Research & Papers

ucTrace: A Multi-Layer Profiling Tool for UCX-driven Communication

New open-source profiler exposes hidden bottlenecks in GPU and NIC communication for large-scale simulations.

Deep Dive

A research team from Koç University and Simula Research Laboratory has introduced ucTrace, a new open-source profiling tool designed to illuminate the often-opaque communication layer in high-performance computing (HPC).
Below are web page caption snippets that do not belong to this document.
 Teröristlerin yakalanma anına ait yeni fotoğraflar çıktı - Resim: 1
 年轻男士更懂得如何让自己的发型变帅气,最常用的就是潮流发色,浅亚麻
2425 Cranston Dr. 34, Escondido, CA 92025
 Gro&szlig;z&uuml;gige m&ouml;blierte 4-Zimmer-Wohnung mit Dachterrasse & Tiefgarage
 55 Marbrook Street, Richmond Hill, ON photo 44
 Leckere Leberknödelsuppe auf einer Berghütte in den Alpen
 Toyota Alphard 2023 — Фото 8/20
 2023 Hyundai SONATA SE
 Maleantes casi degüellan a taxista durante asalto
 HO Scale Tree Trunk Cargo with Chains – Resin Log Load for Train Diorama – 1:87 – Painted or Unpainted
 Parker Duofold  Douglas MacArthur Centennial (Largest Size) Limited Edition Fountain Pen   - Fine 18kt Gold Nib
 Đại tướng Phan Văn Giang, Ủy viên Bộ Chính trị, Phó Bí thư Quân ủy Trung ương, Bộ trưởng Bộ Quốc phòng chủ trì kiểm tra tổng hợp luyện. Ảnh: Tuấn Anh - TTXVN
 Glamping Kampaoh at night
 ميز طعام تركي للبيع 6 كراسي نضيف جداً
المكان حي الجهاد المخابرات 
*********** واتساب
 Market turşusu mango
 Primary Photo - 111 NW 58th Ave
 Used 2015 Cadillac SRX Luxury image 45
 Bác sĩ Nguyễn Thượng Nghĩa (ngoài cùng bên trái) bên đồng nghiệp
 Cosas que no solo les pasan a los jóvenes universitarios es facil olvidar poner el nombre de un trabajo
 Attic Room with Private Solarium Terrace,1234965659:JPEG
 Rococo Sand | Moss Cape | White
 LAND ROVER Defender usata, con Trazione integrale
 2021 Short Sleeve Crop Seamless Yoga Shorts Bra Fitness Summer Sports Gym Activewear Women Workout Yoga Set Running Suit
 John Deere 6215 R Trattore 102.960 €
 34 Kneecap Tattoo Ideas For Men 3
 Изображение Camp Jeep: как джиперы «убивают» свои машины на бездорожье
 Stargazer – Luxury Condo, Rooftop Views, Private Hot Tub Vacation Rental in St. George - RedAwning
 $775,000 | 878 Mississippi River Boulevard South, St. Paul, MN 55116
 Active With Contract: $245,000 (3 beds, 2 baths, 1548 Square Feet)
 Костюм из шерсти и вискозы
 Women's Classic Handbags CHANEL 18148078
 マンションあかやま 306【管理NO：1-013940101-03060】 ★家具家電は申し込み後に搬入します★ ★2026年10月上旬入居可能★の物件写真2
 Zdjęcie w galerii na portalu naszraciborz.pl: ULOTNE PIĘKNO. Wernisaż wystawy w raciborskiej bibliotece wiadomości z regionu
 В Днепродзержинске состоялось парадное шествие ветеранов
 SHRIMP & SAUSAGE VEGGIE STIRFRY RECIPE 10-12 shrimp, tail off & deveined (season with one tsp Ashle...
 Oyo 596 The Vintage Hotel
The tool specifically targets the Unified Communication X (UCX) framework, which is critical for enabling low-latency, high-bandwidth data transfer in multi-node CPU-GPU clusters and serves as the transport layer for many MPI implementations.

Existing profiling tools have struggled to provide visibility into the UCX layer, often lacking fine-grained traces or being limited to specific MPI libraries. ucTrace addresses this by profiling message passing directly at the UCX level. Its key innovation is the ability to correlate low-level communication operations—between hosts, GPUs, and network interface cards (NICs)—with the high-level MPI functions that initiated them. This multi-layer visibility is presented through interactive visualizations of process- and device-specific interactions.

The researchers validated ucTrace through a suite of experiments, including analyzing MPI point-to-point behavior under different UCX configurations, comparing Allreduce operations across MPI libraries, and profiling a GPU-accelerated GROMACS molecular dynamics simulation at scale. By exposing transport-layer behavior and device interactions, ucTrace provides system administrators and application developers with the detailed insights needed to pinpoint bottlenecks, optimize performance, and debug complex communication patterns in large-scale scientific and AI workloads. The tool is publicly available and will be presented at the 40th IEEE International Parallel & Distributed Processing Symposium (IPDPS 2026).

Key Points
  • Profiles at the UCX transport layer, linking GPU/NIC operations to originating MPI functions for the first time.
  • Validated on real HPC workloads including GROMACS MD simulations with GPU acceleration at scale.
  • Open-source tool addresses a critical gap where existing profilers lack fine-grained UCX-level traces.

Why It Matters

Enables precise optimization of communication in large-scale AI training and scientific simulations, directly impacting performance and efficiency.